## Task statement
Copy out the data from the line containing "あなただけのペットの似顔絵描きます ご自宅のペットのかわいい似顔絵お描き致します！ イメージ2" to its last line, exactly. No pictures.

## Material for the task
--*--
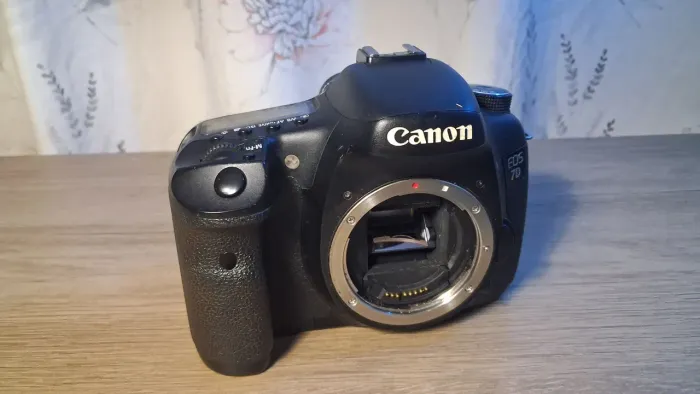 Câmera 7d 20k cliques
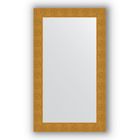 Зеркало в багетной раме - чеканка золотая 90 мм, 70 х 120 см, Evoform - фото 306897798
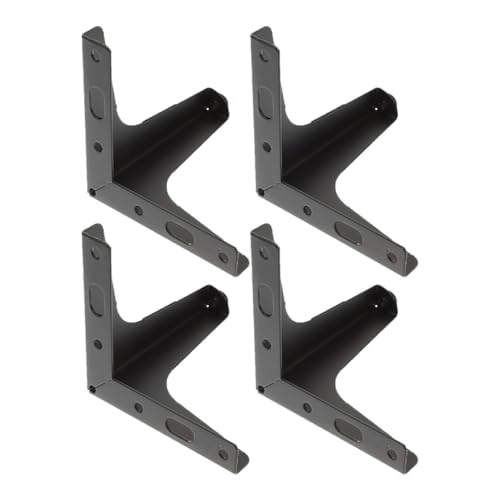 Tofficu 4 Stück Teiliges Metallmöbelbeine Dreieckige Sofafüße Schwarz aus Leichtem Eisen Modern für Schrank Couch Tv möbel und Kommode Ersatz Tofficu 4 Stück Teiliges Metallmöbelbeine Dreieckige Sofafüße Schwarz aus Leichtem Eisen Modern für Schrank Couch Tv möbel und Kommode Ersatz von Tofficu
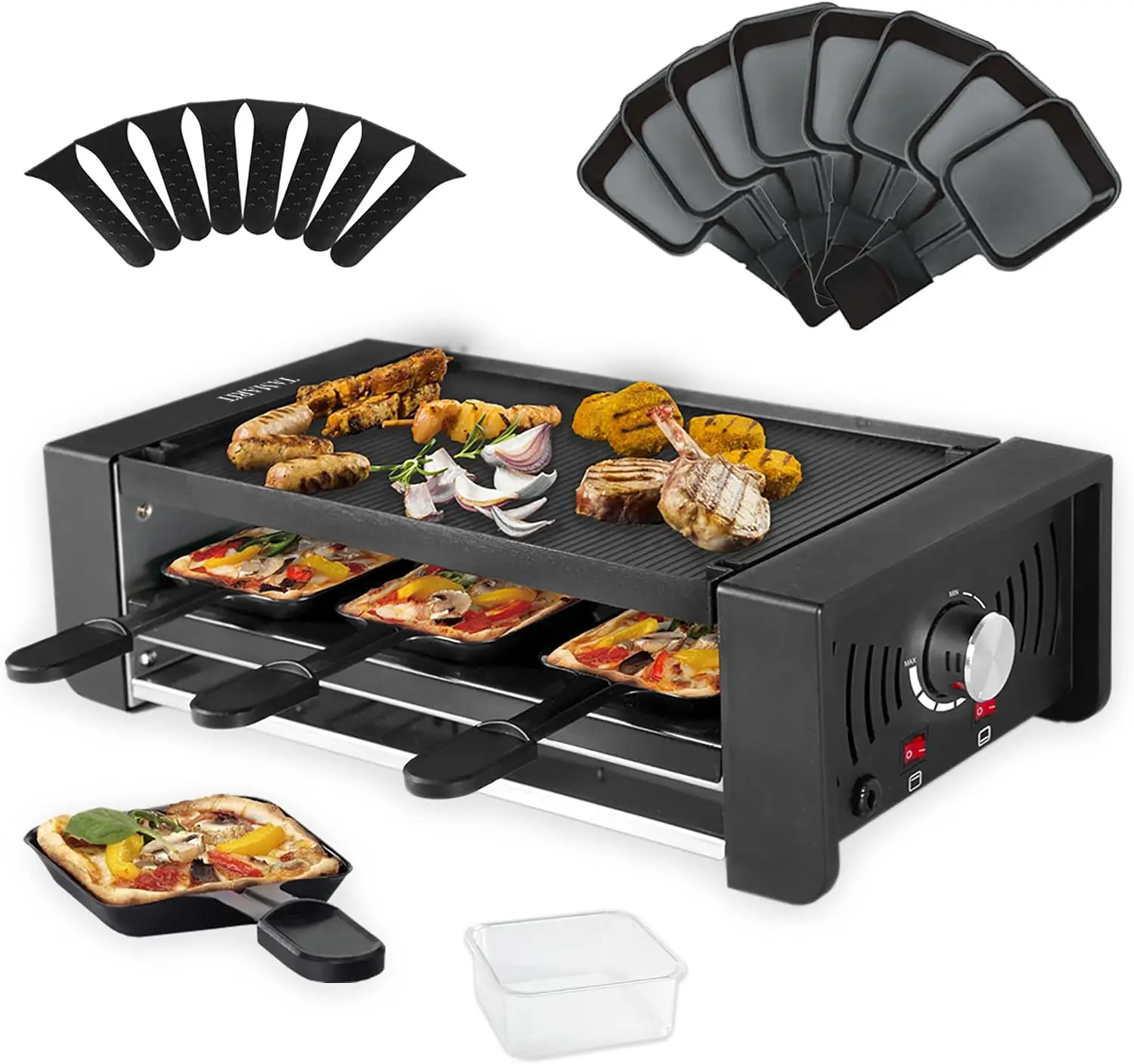 Raclette Party Grill Portable  - Raclette Grill Table ulasan dan harga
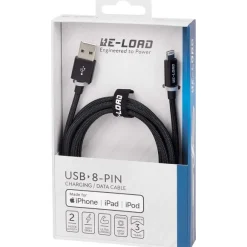 Re-Load High Speed Laad- En Datakabel 8-Pins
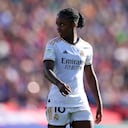 Linda Caicedo, jugadora del Real Madrid.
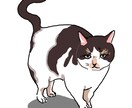 あなただけのペットの似顔絵描きます ご自宅のペットのかわいい似顔絵お描き致します！ イメージ2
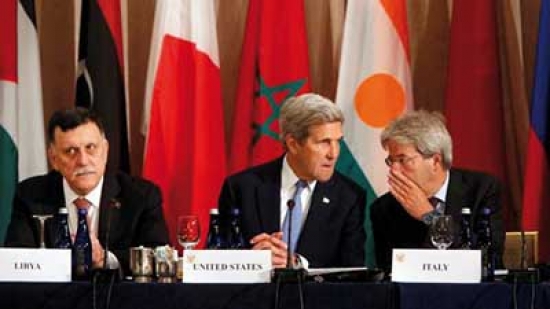 كيري: البديل عن الاتفاق السياسي الليبي هو «الحرب الأهلية»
--*--
## Task answer
 あなただけのペットの似顔絵描きます ご自宅のペットのかわいい似顔絵お描き致します！ イメージ2
 كيري: البديل عن الاتفاق السياسي الليبي هو «الحرب الأهلية»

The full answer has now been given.